- _Work item_
Exclude the images, then return every line below exactly as written.

- _Dataset excerpt_
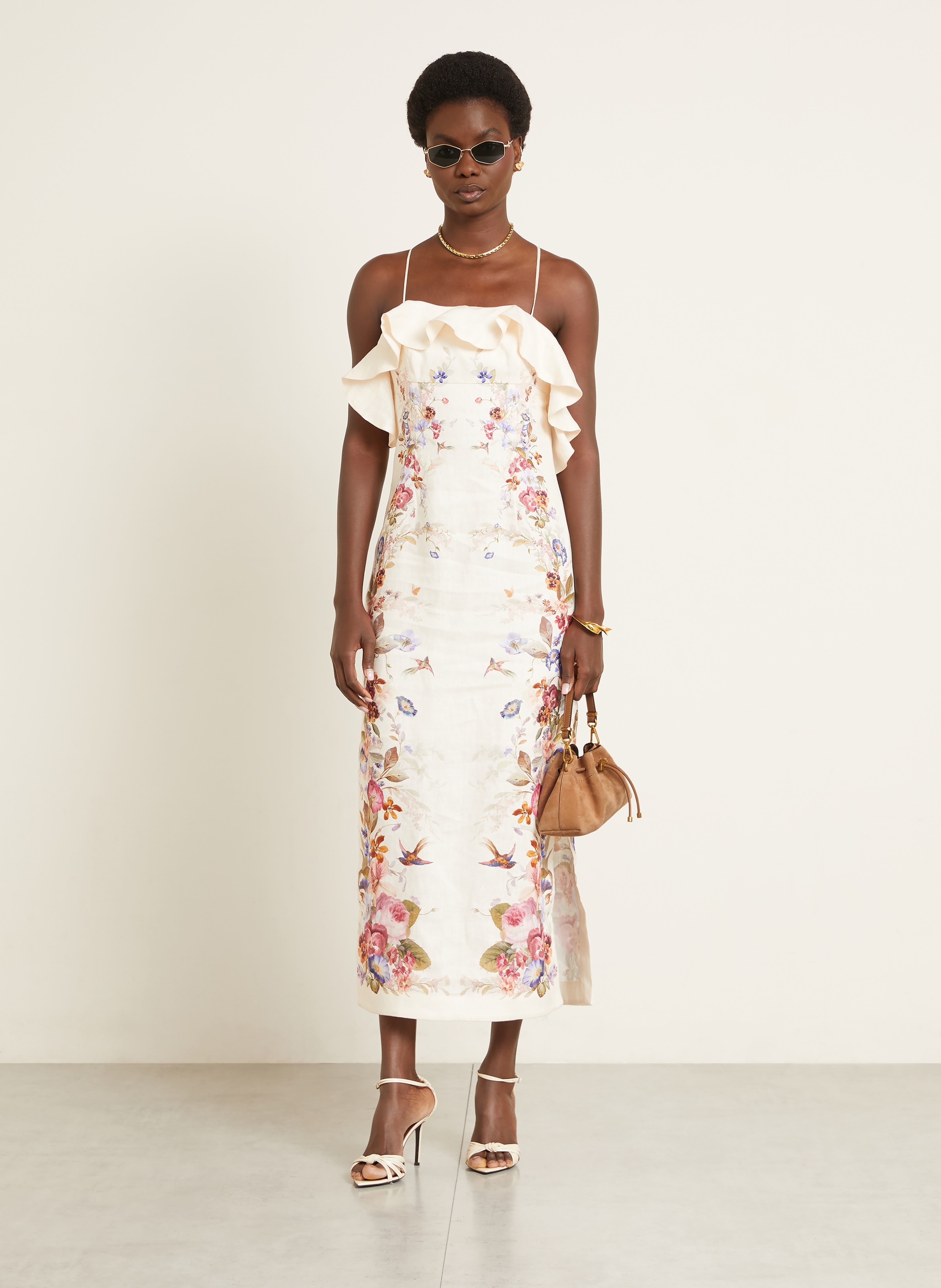 Thumbnail - Jimmy Choo Handtasche Cinch Mini braun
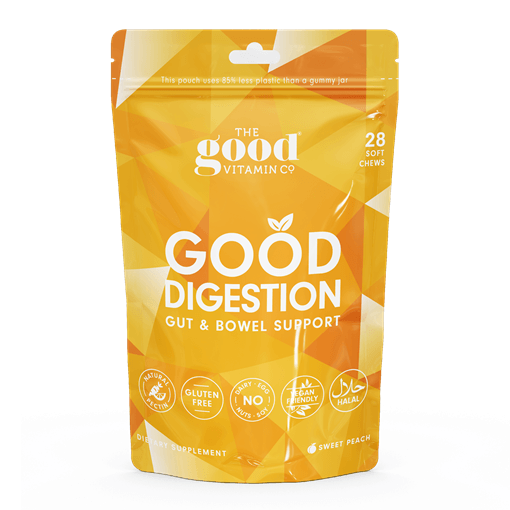 The Good Vitamin Co. Pouch 28 Soft Chews - Good Digestion - Sweet Peach Flavour, General, OCARE NZ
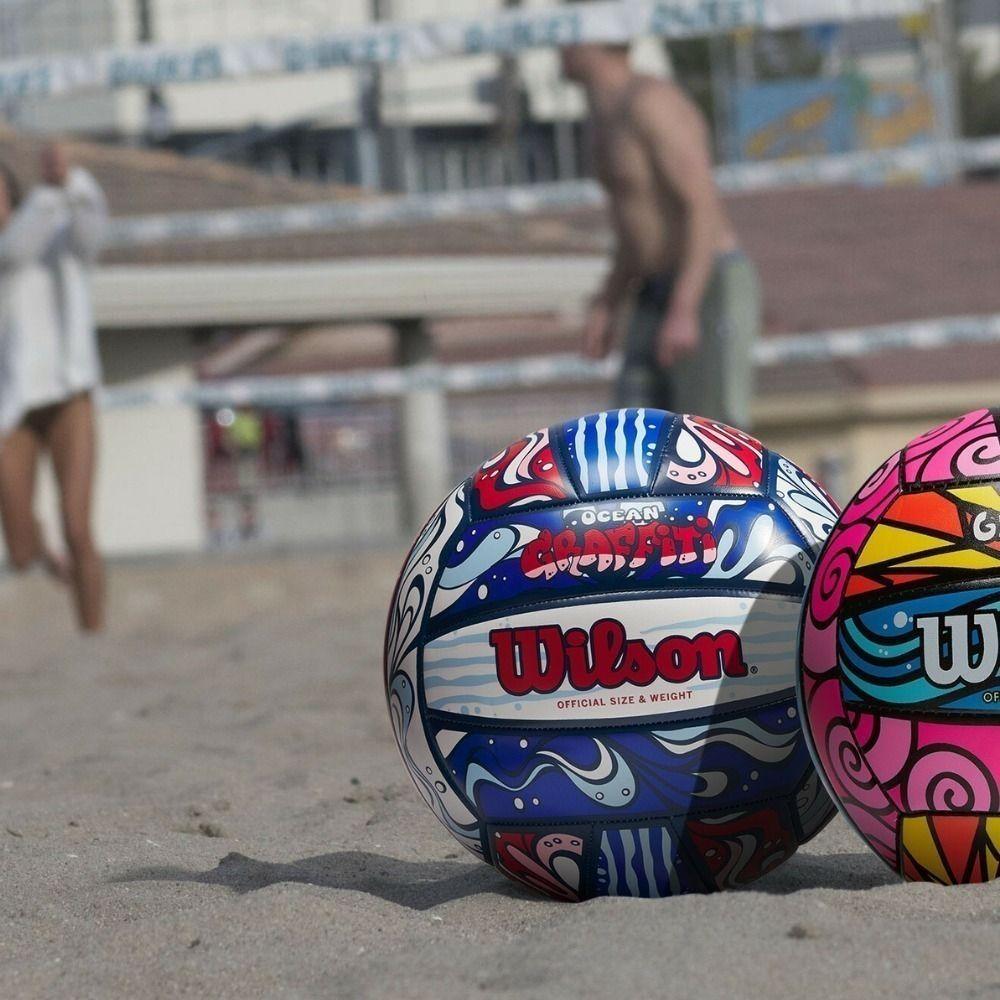 Balón de Vóleibol Wilson Ocean Graffiti  Tamaño 5-6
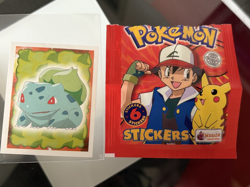 Pokemon Merlin Sticker (1999) - Bulbasaur #1 - Image 3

- _Result of the task_
 Thumbnail - Jimmy Choo Handtasche Cinch Mini braun
 The Good Vitamin Co. Pouch 28 Soft Chews - Good Digestion - Sweet Peach Flavour, General, OCARE NZ
 Balón de Vóleibol Wilson Ocean Graffiti  Tamaño 5-6
 Pokemon Merlin Sticker (1999) - Bulbasaur #1 - Image 3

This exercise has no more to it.